Trump wants to extend his 2017 tax cuts that almost exclusively benefitted the richest individuals and corporations while literally screwing the middle class (capping the deductibility of state and local taxes in order to stick it to Blue States) that already has added $2 trillion to the national debt. That would work out to a handout of $3.5 million per  billionaire each year to the top 0.1%, who already pay a tax rate averaging 8%, a fraction of what teachers, nurses, firefighters pay, through a tactic of buy-borrow-die (the five richest men on Forbes’ 2024 Billionaire list claim to earn $1 in salary, because their actual wealth is hardly taxed at all).

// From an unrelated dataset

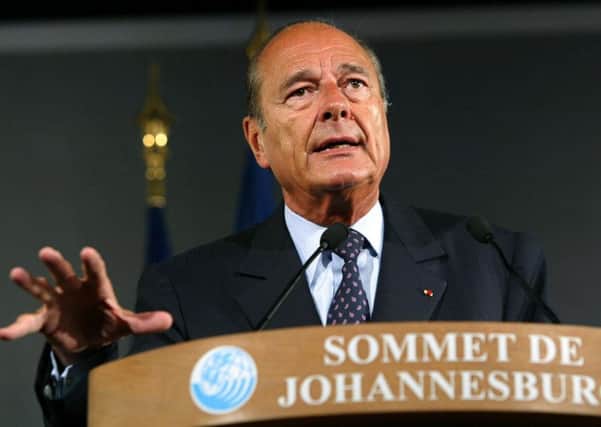 Former French president Jacques Chirac gestures as he delivers a speech at The French Pavilon in Johannesburg in 2002. Picture: Patrick Kovarik/Getty Images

Meanwhile, Trump wants to give big corporations, which already saw their tax rate cut from 35% to 21%, a further cut to 18% – a $1.5 trillion windfall that doesn’t “trickle down” but rather goes into stock-buybacks, CEO pay and shareholder dividends.

Indeed, Trump would also reverse Biden’s success at recouping unpaid taxes ($1.5 billion recovered this year) and make it easier for wealthy tax cheats (like him) to avoid paying what they owe.

Sixteen Nobel Laureate economists have said Trump’s policies would add $6 trillion to the national debt and kill 3 million jobs.

Harris believes billionaires and corporations should pay their fair share.

“Vice President Harris has made clear that building up the middle class will be a defining goal of her presidency,” her campaign stated. “She will deliver for Americans who are demanding a new way forward towards a future that lifts up all Americans so that they can not just get by but get ahead.”